By now you've probably heard the news of how ISIS, the self-styled Islamic state operating in parts of Syria and Iraq, killed a Jordanian pilot by burning him alive. This being a movie blog, I don't want to go that much into my opinions of either this specific incident or the situation in that part of the world in general. But as I was lying in bed the morning, I found myself having morbid thoughts on the subject of classic movies that have scenes of people being burned alive.
The first one that came to mind was Rebecca, which ends with Mrs. Danvers (Judith Anderson) setting herself and the estate on fire, with the flames lapping around her. I'm kind of giving away the ending, except that the movie begins with Joan Fontaine's character returning to a burned-out estate, saying "Last night I dreamt I went to Manderlay.

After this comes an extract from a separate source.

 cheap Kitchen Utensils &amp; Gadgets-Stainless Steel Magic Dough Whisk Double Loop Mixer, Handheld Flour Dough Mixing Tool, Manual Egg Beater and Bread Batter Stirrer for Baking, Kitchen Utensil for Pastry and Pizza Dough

You can never go back...." After that, the rest of the story is told in flashback. So I'm only giving away how the fire happened; one should recognize two minutes into the movie that something disastrous is going to happen.
Laird Cregar gets caught in a fire in the climactic scene of Hangover Square. I didn't think about it when I first blogged about the movie back in the summer of 2008, but in some ways it's a neat bookend to the film when you remember that Cregar disposed of one of his murder victims by throwing it on a Guy Fawkes Night bonfire.
James Cagney makes it to the top of the world, only for that top to be at an oil refinery that catches fire, in White Heat. Perhaps I should have thought of this one first since it's probably the single best-known burning alive scene, and one of the great Hollywood endings. To be honest though, I only came up with it after a lot of the other stuff in this post.
I suppose I could mention any of the films about Joan of Arc, who was burned at the stake for whatever reason, which was likely political whatever lessons one learned in school said.
And then there are the movies where characters try to kill another character by burning them alive. The lynch mob in Fury sprung to mind. They burn the county jail where he's being held, and everybody thinks he's been killed, to the point that it causes a national outrage and there's a huge circus of a murder trial held for the people who burned the place down. Tracy, of course, survived the fire, so the dramatic tension of the movie is the decision Tracy has to make.
Lionel Atwill gets horribly disfigured in a fire in the opening scene of Mystery of the Wax Museum. Burning him alive was an accident, although the fire was only an accident to the same extent that Shelley Winters being knocked out of the canoe in A Place in the Sun was. The wax museum was failing and Atwill's business partner figured burning the place and taking the insurance money wouldn't be the worst thing in the world.
A different sort of attempted murder by burning comes in the James Bond movie Diamonds Are Forever. There, the bad guys trap Bond in a casket and send it through a crematorium oven. Somehow, I don't think they'd burn the casket in real life. Bond, of course, survives.
What's your favorite burned alive scene?